General District Court Judge
- In office 1974–2006

Personal details
- Spouse: Dorothy Copp (div.)
- Children: 1
- Alma mater: Virginia State University; North Carolina Central University School of Law;
- Occupation: Judge, General District Court

= Archie Elliott Jr. =

American judge

Archie Elliott Jr. is an African-American retired judge and lawyer from Portsmouth, Virginia. He served as a judge in the Portsmouth General District Court from 1974 until 2006.

==Early life and education==
Elliott attended the historically black Virginia State University in the 1960s. Upon graduating, Elliott served in the military during the Vietnam War. After the death of Martin Luther King Jr., Elliott left his position as Assistant Provost Marshal at Fort Bragg in order to attend law school with the goal of becoming a civil rights lawyer.
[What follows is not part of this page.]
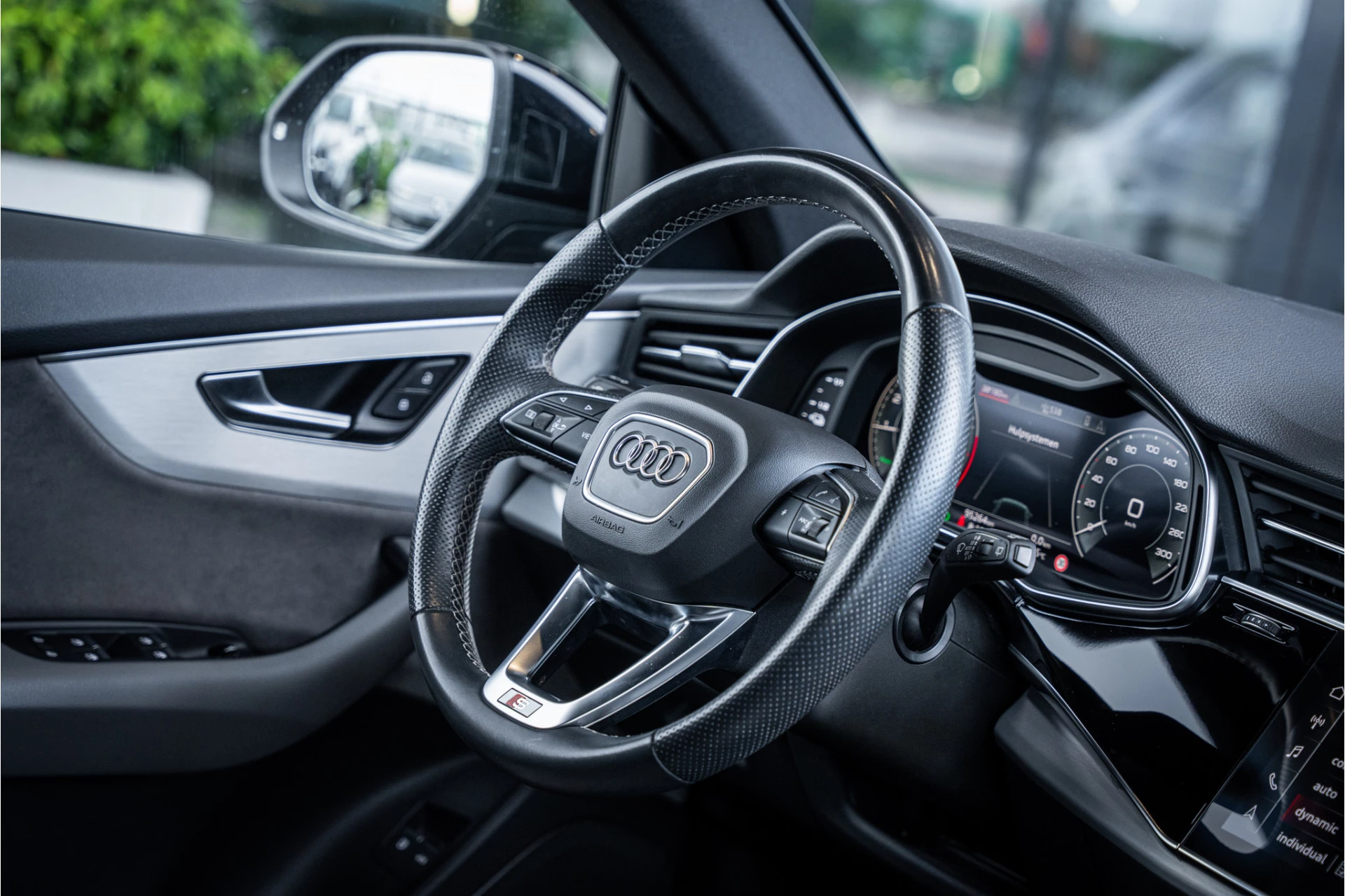 Hoofdafbeelding Audi Q8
He attended the predominantly black North Carolina Central University School of Law.

==Career==
Following his graduation from law school, Elliott established a law firm in Portsmouth, Virginia. He was the first black attorney in the city in twenty-five years. Elliott served on the Portsmouth City Council. In 1974, Elliott became a judge in the Portsmouth General District Court.

In 2004, Elliott believed himself to be due for a term as chief judge. The position was generally rotated among jurists. Instead, Morton Whitlow was elected to another term of chief judge. Elliott wrote letters following the decision, claiming that racism was a factor in the decision, as both of the other general district court judges were white. The two judges took Elliott's letter as a threat and filed complaints with the Judicial Inquiry and Review Commission. Elliott was accused of lying to defendants about a "DEA light," which he told them could determine if they had recently used drugs. The judges had been previously visited by Virginia Supreme Court justice Leroy R. Hassell Sr., who encouraged them to work out their differences. Judge Whitlow requested a bulletproof vest from the state due to the threats, and his request was granted. On August 26, 2004, the Judicial Inquiry and Review Commission suspended Elliott for an investigation into the allegations. Elliott remained suspended from the bench for nearly two years. Elliott issued apology letters to Whitlow and others. A minority of the Virginia Supreme Court found Elliott's actions worthy of official sanctions. The court instead ordered Elliott to be reinstated for one day and asked that he retire on June 30, 2006. Police and deputies filled his courtroom on his last day and gave him a standing ovation.

In 2007, Elliott began serving as assistant chief for the Nottoway Indian Tribe of Virginia.

==Personal life==
Elliott met Dorothy Copp at Virginia State University in the 1960s. Their son, Archie Elliott III, was born on December 8, 1968. Elliott and Copp divorced while Elliott III was still young. Elliott Jr. stayed in Portsmouth to pursue his legal career, and Elliott III moved with Dorothy to the Washington, D.C. area to be closer to Dorothy's side of the family. Elliott III spent most of his childhood with his mother in Forestville, Maryland, seeing his father once a month. He lived with his father in Portsmouth for the last two years of high school. On June 18, 1993, Archie Elliott III was shot and killed by police officers while handcuffed in police cruiser. Since then, Elliott has been engaged in activism related to his son's death.

Elliott is close friends with Johnny E. Morrison.